Material shown =>
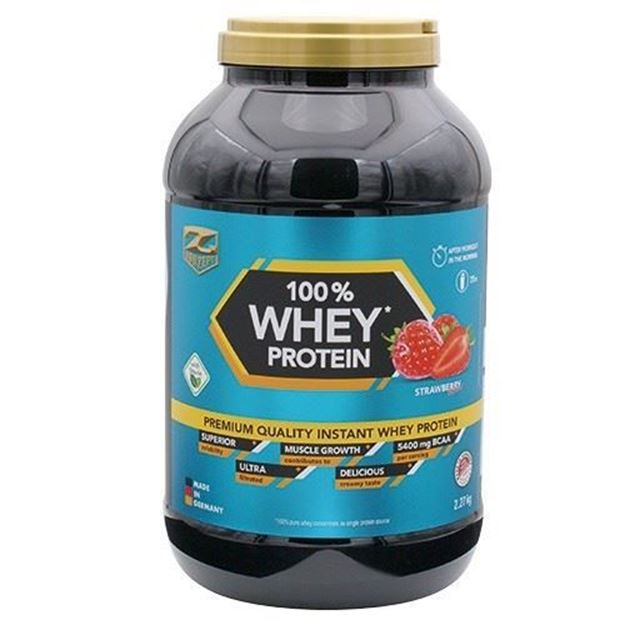 Picture of 100% Whey Protein 2.27kg Capsuni - Z-Konzept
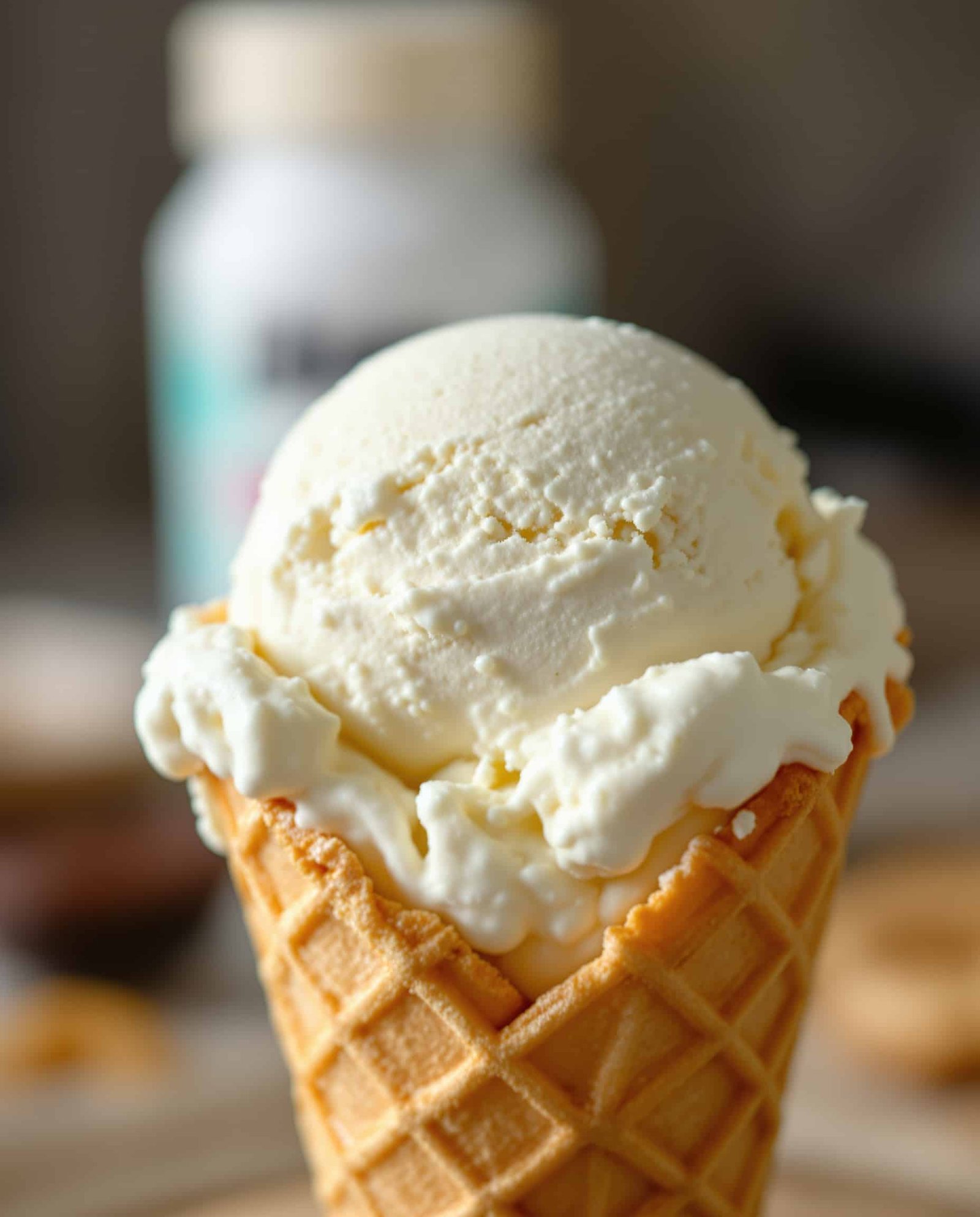 Protein Ice Cream - close-up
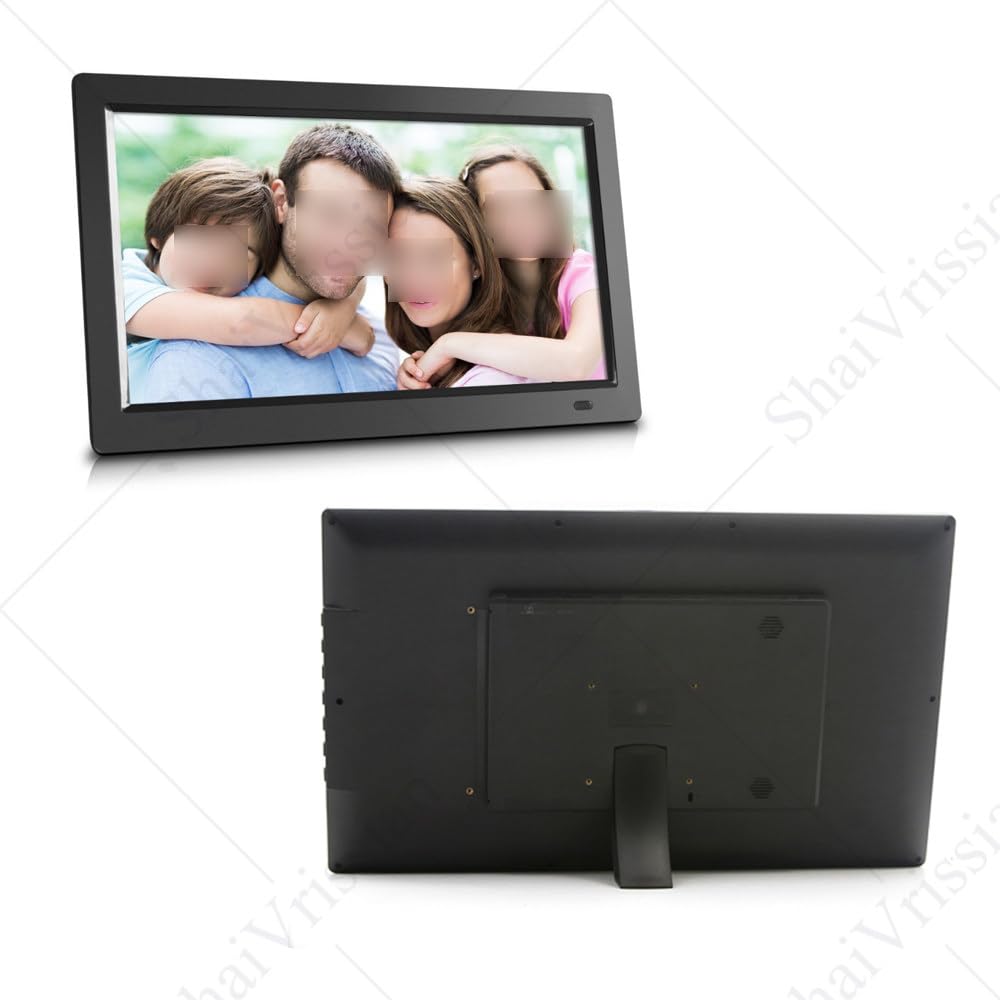 Pantalla Publicidad Digital,Multifuncional,Menú LED,Función De Reloj,Altavoces Estéreo,Brillo 300 CD/M²,para Restaurante para Reproducir Videos/Imágenes 27"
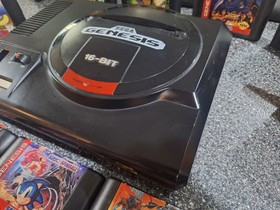 Sega Genesis Model 1 Console Bundle With Good Games! TESTED WORKING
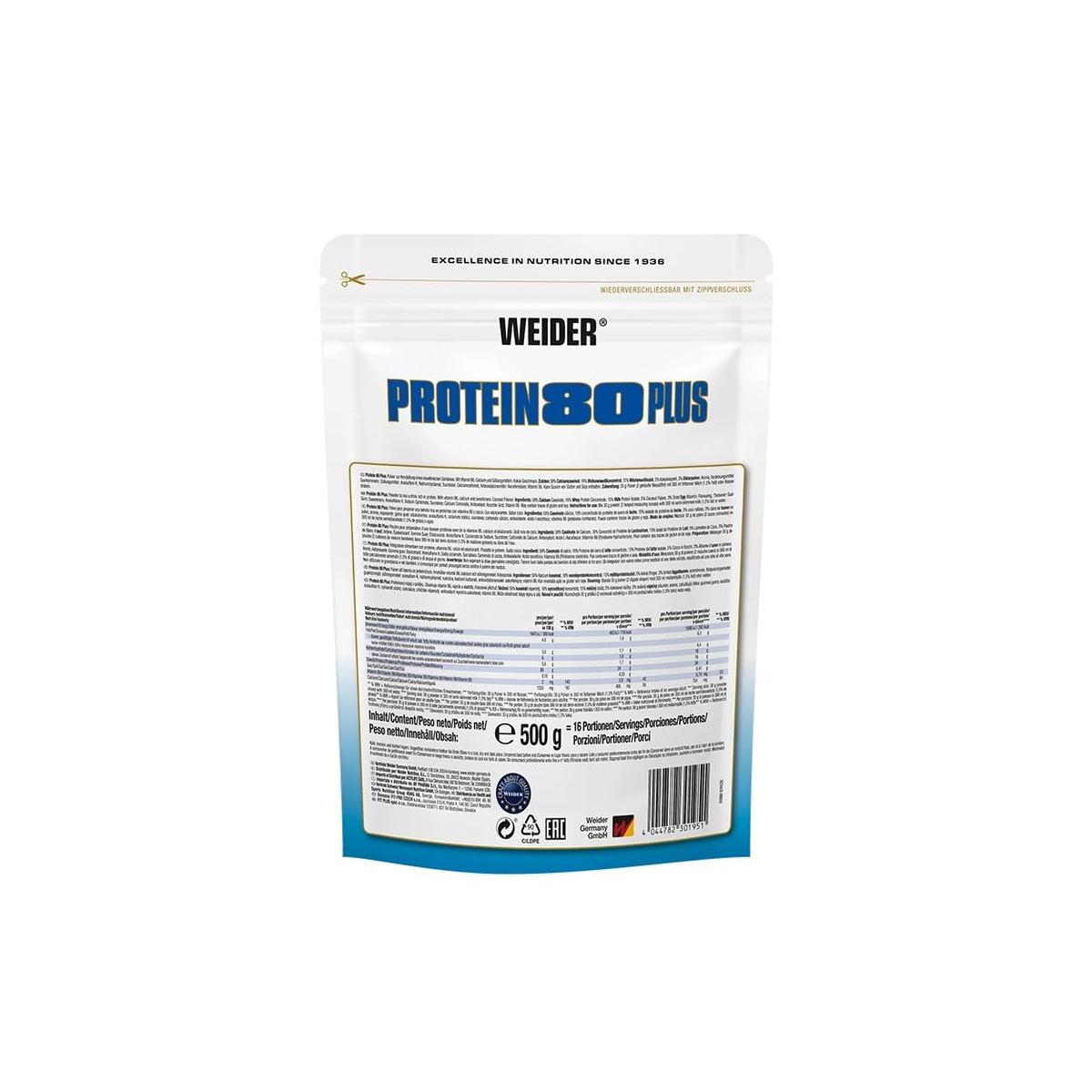 Weider Protein 80 Plus, 500g, Coconut - WN-30195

Assignment =>
Would you please print only the lines running from the one with "Sega Genesis Model" to the final line of the entries above, exactly as written and without pictures?

Expected output =>
 Sega Genesis Model 1 Console Bundle With Good Games! TESTED WORKING
 Weider Protein 80 Plus, 500g, Coconut - WN-30195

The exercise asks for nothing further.